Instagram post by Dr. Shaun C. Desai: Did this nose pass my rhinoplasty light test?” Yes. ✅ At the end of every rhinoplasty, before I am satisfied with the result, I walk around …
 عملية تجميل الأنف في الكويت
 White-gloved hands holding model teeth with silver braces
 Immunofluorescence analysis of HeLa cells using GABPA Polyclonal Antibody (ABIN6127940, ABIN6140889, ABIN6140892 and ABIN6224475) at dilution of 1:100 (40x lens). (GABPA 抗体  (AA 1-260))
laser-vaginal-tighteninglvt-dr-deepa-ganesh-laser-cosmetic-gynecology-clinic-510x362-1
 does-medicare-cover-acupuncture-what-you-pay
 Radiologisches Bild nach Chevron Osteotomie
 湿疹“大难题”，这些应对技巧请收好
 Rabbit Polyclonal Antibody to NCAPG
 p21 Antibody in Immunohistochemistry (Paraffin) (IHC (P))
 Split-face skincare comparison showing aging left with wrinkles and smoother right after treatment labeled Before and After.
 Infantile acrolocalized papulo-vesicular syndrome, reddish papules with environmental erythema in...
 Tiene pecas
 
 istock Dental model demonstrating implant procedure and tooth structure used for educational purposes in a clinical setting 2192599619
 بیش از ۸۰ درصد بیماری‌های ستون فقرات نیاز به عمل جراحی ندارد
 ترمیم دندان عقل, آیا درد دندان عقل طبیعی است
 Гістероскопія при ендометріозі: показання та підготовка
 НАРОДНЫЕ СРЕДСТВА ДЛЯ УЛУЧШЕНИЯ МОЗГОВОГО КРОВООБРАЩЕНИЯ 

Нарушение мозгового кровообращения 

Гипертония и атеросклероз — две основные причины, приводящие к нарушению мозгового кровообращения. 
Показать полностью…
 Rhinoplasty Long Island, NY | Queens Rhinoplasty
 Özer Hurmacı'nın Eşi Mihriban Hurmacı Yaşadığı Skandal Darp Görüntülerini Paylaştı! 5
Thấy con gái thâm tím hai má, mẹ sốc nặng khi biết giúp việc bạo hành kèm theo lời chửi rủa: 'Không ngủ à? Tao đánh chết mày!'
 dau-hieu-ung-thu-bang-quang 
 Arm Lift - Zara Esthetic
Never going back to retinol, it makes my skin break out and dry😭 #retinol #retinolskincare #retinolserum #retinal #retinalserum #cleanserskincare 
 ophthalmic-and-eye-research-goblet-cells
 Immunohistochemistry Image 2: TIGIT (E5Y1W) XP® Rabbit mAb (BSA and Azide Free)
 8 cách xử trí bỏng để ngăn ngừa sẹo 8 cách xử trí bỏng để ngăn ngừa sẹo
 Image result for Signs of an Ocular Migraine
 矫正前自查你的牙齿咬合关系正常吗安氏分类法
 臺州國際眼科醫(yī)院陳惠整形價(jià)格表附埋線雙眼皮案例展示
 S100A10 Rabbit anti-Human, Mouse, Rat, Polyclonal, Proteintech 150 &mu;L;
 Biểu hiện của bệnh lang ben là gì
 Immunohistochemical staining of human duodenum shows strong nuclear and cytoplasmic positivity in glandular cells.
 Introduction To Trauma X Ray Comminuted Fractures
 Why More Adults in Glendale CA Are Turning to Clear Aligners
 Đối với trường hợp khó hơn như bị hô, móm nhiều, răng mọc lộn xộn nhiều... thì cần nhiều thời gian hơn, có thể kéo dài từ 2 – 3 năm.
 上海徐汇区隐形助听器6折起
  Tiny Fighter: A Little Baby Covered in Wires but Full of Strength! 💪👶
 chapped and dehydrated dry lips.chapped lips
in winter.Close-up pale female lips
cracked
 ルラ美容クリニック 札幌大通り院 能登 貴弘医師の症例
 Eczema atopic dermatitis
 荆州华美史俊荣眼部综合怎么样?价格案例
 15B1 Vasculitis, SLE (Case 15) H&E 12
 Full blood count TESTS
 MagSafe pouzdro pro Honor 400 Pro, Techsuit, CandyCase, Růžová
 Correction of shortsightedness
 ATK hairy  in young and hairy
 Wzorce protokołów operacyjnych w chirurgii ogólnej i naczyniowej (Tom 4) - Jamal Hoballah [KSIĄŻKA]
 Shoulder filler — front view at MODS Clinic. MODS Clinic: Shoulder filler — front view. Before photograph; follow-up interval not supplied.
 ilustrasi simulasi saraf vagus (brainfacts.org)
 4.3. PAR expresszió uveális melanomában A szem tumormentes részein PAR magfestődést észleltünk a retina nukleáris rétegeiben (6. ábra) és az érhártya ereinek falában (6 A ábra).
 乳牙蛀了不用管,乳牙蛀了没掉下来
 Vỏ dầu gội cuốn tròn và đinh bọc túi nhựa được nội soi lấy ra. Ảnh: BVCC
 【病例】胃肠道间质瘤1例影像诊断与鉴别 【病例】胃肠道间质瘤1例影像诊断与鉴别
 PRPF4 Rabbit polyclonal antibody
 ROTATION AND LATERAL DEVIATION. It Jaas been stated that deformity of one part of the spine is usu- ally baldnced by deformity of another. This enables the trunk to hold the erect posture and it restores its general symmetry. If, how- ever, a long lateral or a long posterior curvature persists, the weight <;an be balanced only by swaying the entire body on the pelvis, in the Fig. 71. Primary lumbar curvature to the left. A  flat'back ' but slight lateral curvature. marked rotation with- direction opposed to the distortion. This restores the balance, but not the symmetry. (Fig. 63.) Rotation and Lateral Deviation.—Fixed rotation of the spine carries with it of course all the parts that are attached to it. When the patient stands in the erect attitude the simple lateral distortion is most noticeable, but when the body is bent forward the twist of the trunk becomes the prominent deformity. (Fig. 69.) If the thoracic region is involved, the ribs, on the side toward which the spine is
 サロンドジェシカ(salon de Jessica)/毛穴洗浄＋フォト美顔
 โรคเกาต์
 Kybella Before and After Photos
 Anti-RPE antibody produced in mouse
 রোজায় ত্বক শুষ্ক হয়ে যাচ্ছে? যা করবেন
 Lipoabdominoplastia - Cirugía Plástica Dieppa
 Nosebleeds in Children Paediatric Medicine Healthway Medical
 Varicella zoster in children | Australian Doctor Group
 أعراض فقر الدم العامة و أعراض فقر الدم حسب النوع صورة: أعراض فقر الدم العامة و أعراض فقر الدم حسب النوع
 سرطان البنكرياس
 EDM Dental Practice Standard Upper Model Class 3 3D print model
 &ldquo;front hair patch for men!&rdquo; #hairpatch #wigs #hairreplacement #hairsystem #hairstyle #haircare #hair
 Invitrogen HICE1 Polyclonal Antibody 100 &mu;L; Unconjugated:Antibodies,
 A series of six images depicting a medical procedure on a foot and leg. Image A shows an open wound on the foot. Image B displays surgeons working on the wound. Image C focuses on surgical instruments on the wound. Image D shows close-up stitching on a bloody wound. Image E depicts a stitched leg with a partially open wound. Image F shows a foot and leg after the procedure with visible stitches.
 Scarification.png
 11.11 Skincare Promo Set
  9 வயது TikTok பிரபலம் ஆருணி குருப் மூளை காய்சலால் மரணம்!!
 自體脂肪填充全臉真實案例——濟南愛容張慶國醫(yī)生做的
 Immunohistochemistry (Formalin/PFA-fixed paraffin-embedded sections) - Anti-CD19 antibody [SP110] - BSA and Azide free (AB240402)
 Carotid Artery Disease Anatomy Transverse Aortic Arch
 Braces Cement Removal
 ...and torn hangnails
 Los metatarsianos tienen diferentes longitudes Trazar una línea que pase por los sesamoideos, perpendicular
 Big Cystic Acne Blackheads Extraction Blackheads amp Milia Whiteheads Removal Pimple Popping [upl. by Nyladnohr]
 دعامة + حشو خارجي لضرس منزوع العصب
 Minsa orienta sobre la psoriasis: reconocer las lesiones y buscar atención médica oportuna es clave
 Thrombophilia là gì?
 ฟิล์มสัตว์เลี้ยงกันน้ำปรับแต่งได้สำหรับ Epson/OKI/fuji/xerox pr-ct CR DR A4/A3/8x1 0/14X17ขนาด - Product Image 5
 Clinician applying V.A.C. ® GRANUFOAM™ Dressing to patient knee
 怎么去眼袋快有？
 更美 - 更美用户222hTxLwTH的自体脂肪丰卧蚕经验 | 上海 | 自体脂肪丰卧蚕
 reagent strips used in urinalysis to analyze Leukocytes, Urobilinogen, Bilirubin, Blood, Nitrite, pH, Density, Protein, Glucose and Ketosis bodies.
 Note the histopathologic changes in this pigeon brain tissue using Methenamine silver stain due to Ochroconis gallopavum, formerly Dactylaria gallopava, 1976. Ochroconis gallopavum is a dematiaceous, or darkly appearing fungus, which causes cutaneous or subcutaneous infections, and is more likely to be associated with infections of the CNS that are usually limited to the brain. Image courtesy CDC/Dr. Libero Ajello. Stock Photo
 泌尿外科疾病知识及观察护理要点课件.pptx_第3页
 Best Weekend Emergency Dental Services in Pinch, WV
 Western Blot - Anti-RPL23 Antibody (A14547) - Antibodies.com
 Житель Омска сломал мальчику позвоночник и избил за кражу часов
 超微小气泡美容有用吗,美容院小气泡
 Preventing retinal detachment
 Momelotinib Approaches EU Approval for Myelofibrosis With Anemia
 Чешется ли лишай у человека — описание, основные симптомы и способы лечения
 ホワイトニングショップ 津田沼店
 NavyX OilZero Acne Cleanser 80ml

□ □ □ □

## Exercise description
Up to and including the line with "Infantile acrolocalized papulo-vesicular", write out the records above exactly, starting from their first line.

## Answer
Instagram post by Dr. Shaun C. Desai: Did this nose pass my rhinoplasty light test?” Yes. ✅ At the end of every rhinoplasty, before I am satisfied with the result, I walk around …
 عملية تجميل الأنف في الكويت
 White-gloved hands holding model teeth with silver braces
 Immunofluorescence analysis of HeLa cells using GABPA Polyclonal Antibody (ABIN6127940, ABIN6140889, ABIN6140892 and ABIN6224475) at dilution of 1:100 (40x lens). (GABPA 抗体  (AA 1-260))
laser-vaginal-tighteninglvt-dr-deepa-ganesh-laser-cosmetic-gynecology-clinic-510x362-1
 does-medicare-cover-acupuncture-what-you-pay
 Radiologisches Bild nach Chevron Osteotomie
 湿疹“大难题”，这些应对技巧请收好
 Rabbit Polyclonal Antibody to NCAPG
 p21 Antibody in Immunohistochemistry (Paraffin) (IHC (P))
 Split-face skincare comparison showing aging left with wrinkles and smoother right after treatment labeled Before and After.
 Infantile acrolocalized papulo-vesicular syndrome, reddish papules with environmental erythema in...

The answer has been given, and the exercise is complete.